An index is the catalog that makes the search fast.
The most common type of database index is a B-tree index, named for the balanced tree data structure it's built on. When you create an index on a column, the database builds a separate data structure that stores the values in that column in sorted order, along with pointers to the actual rows in the table where those values appear. When a query filters on that column, the database uses the index to find matching values quickly through binary search rather than scanning every row. For a table with a million rows, the difference between a full scan and an index lookup is roughly the difference between reading a million values and reading about twenty.
The sorted order is what makes the B-tree index effective for range queries too, not just equality lookups. A query asking for all rows where a date column falls between two values can use an index on that column to find the start of the range and read forward from there, rather than checking every row in the table. Without the index, the database has no choice but to examine everything.
Primary key indexes are automatic in most databases. When you declare a primary key on a table, the database creates an index on that column without being asked, because primary keys are used for lookups constantly and the performance cost of not indexing them would be immediately apparent. Secondary indexes, on other columns, have to be created explicitly, which means someone has to decide which columns deserve them.

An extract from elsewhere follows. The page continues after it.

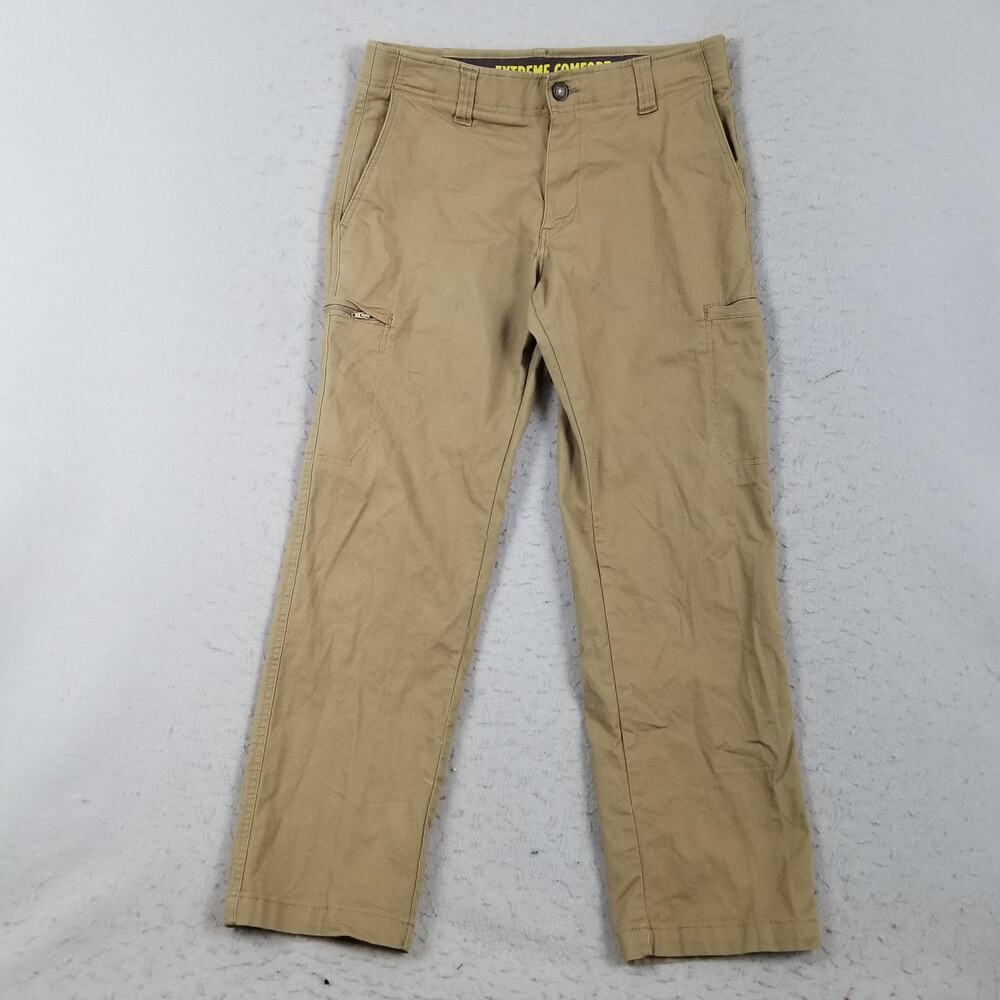 Lee Pants Mens 32x30 Beige Extreme Comfort Khakis Stretch Casual Zip Pocket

That decision involves tradeoffs that aren't always obvious. Indexes make reads faster. They make writes slower. Every time a row is inserted, updated, or deleted, the database has to update not just the table but every index on that table. A table with ten indexes on it takes roughly ten times as much work to write to as a table with no indexes. For a table that gets written to millions of times a day, that overhead matters. For a table that gets read millions of times a day and written to rarely, indexes are straightforwardly beneficial. The right answer depends on the read-write ratio of the workload, which is why indexing decisions require understanding how the table will actually be used.
Index selectivity is the property that determines how useful an index actually is. A highly selective index is one where the indexed column has many distinct values relative to the number of rows, so that filtering on it significantly narrows down the result set. An index on a user ID column in a table with millions of users is highly selective: filtering for a specific user ID returns one row out of millions. An index on a boolean column that's true for half the rows is nearly useless: filtering for true still returns half the table, and the database might decide a full scan is faster than using the index at all.
Composite indexes, built on multiple columns together, are useful when queries frequently filter on a combination of columns. An index on last_name alone helps queries that filter by last name. An index on last_name and first_name together helps queries that filter by both, and the column order matters: the index is most effective when the query filters on the leftmost columns first. Understanding this leftmost prefix rule explains a lot of seemingly arbitrary database query behavior that puzzles developers who haven't encountered it before.
For data practitioners working with databases at scale, indexing is one of the first places to look when queries are slow. The presence of a missing index is often the explanation, and adding the right index can produce order-of-magnitude improvements in query performance without changing any application code. The absence of an obviously needed index is usually an oversight. The presence of too many indexes on a write-heavy table is an equally real problem that shows up as write performance degradation rather than read slowness. Getting indexing right is less about following rigid rules and more about understanding the workload and designing indexes to serve it.